(Beginning of SOURCE RECORDS)

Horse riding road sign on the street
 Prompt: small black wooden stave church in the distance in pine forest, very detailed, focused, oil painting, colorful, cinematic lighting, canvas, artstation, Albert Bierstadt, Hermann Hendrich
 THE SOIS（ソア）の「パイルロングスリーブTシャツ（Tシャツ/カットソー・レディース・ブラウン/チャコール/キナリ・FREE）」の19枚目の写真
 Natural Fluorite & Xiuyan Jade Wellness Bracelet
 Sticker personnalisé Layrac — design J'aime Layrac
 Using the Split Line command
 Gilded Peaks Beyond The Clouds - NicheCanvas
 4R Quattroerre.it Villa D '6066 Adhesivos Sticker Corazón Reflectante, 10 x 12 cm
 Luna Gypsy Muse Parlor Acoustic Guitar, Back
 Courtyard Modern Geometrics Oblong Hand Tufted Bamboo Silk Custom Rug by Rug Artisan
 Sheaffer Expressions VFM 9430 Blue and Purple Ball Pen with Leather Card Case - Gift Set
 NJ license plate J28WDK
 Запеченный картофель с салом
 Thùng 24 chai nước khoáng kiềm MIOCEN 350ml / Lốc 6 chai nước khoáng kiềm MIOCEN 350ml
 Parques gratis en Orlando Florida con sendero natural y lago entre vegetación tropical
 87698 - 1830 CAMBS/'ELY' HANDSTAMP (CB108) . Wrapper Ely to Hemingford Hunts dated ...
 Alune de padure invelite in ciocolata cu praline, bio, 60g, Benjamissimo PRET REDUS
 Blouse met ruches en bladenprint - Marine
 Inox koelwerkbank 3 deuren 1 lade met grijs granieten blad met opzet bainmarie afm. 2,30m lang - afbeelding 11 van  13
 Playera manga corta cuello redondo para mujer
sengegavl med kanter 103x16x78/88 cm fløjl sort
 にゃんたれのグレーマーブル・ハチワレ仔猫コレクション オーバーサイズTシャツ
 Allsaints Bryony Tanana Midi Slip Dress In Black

(End of SOURCE RECORDS)

- EXERCISE PROMPT
Reprint exactly the lines above that start at the one with "4R Quattroerre.it Villa" and end at the one with "Запеченный картофель с салом", keeping both and adding none.

- ANSWER TO THE PROBLEM
 4R Quattroerre.it Villa D '6066 Adhesivos Sticker Corazón Reflectante, 10 x 12 cm
 Luna Gypsy Muse Parlor Acoustic Guitar, Back
 Courtyard Modern Geometrics Oblong Hand Tufted Bamboo Silk Custom Rug by Rug Artisan
 Sheaffer Expressions VFM 9430 Blue and Purple Ball Pen with Leather Card Case - Gift Set
 NJ license plate J28WDK
 Запеченный картофель с салом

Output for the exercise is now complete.